Every book seems to have its own routine. The Incompossible was written almost entirely on lunch breaks, and Orphan Machine was written largely on Sunday nights, to an ambient music radio program.
11 - When your writing gets stalled, where do you turn or return for (for lack of a better word) inspiration?
I’m actually there right now. I have tons of writing ideas, that’s not the problem. The problem is its not pulling me anymore.
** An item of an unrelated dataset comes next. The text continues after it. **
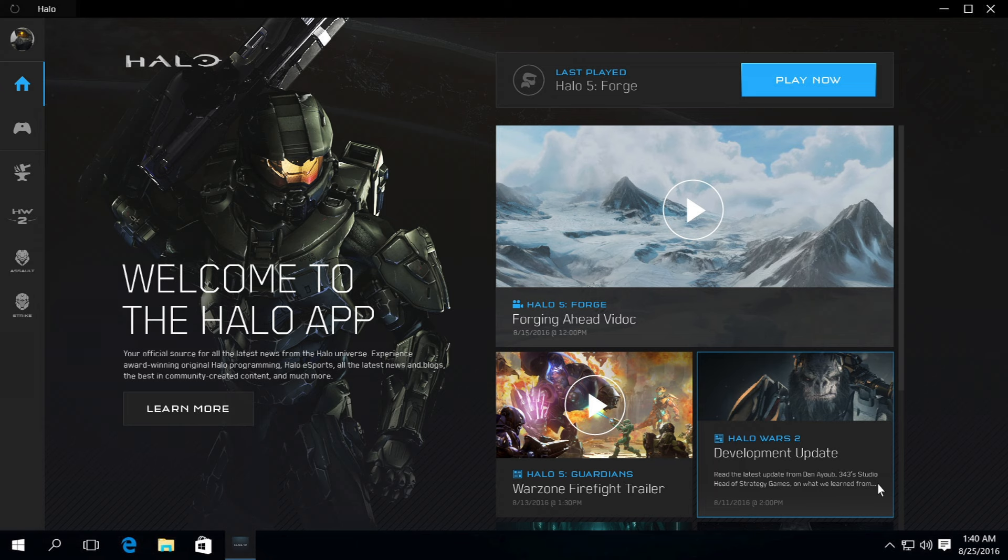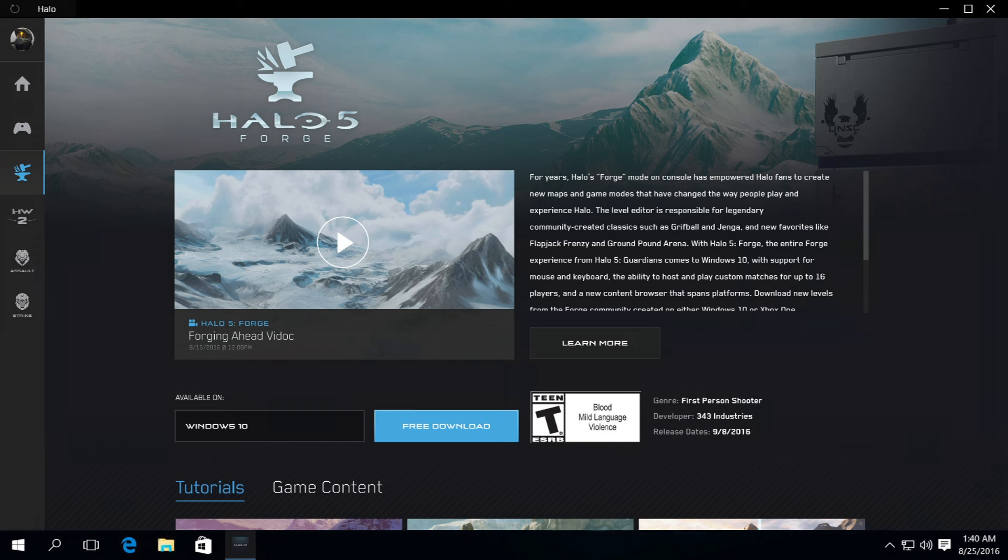When we launch the Halo app with Halo 5 Forge in a couple of weeks, the Halo 5 Forge game page will be your portal into the game. From here you can quickly jump in and start playing. As part of this experience, we will feature new Forge tutorials to help both new and veteran Forge create and play great new Halo 5 game experiences.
Advice?
12 - What fragrance reminds you of home?
13 - David W. McFadden once said that books come from books, but are there any other forms that influence your work, whether nature, music, science or visual art?
Music, art, theory, other literature, and lately teaching ESL.
14 - What other writers or writings are important for your work, or simply your life outside of your work?
I used to say my strongest influences were, together, H.D. and Hejinian, in a sort of collage experimental lyricism, but my interests are moving more towards education than poetry these days. I’m thinking more along the lines of Paulo Freire, bell hooks, Cornel West, and Fred Moten.
15 - What would you like to do that you haven't yet done?
Write a book of non-fiction of some sort.
16 - If you could pick any other occupation to attempt, what would it be? Or, alternately, what do you think you would have ended up doing had you not been a writer?
Teaching. I love it.
17 - What made you write, as opposed to doing something else?
Typical childhood dysfunctional family where I had no voice.
18 - What was the last great book you read? What was the last great film?
Just re-read H.D.’s Vale Ave, from New Directions, reissued as a chapbook. Also enjoying and working through Fred Moten and Stefano Harney’s The Undercommons.
19 - What are you currently working on?
My last two chapbooks (Scienza Nuova, Little Red Leaves, and Vice/Versa, dancing girl press) were two parts of a trilogy riffing off of Finnegan’s Wake. Working on part 3. Also doing a Tumblr poem (also a trilogy) that collages poetry quotes, Dante, literary criticism on Dante, impressions from poetry readings, stuff from my journal, stuff from thinking about yoga and spirituality, stuff from prose readings, grad school, and now teaching. (http://perunaselvaoscura.tumblr.com/ and http://percorrermiglioracque.tumblr.com). (The first is loosely connected to The Inferno, and the second to The Purgatorio.) Also have been working on another collage project that combines a bunch of even different things and different projects.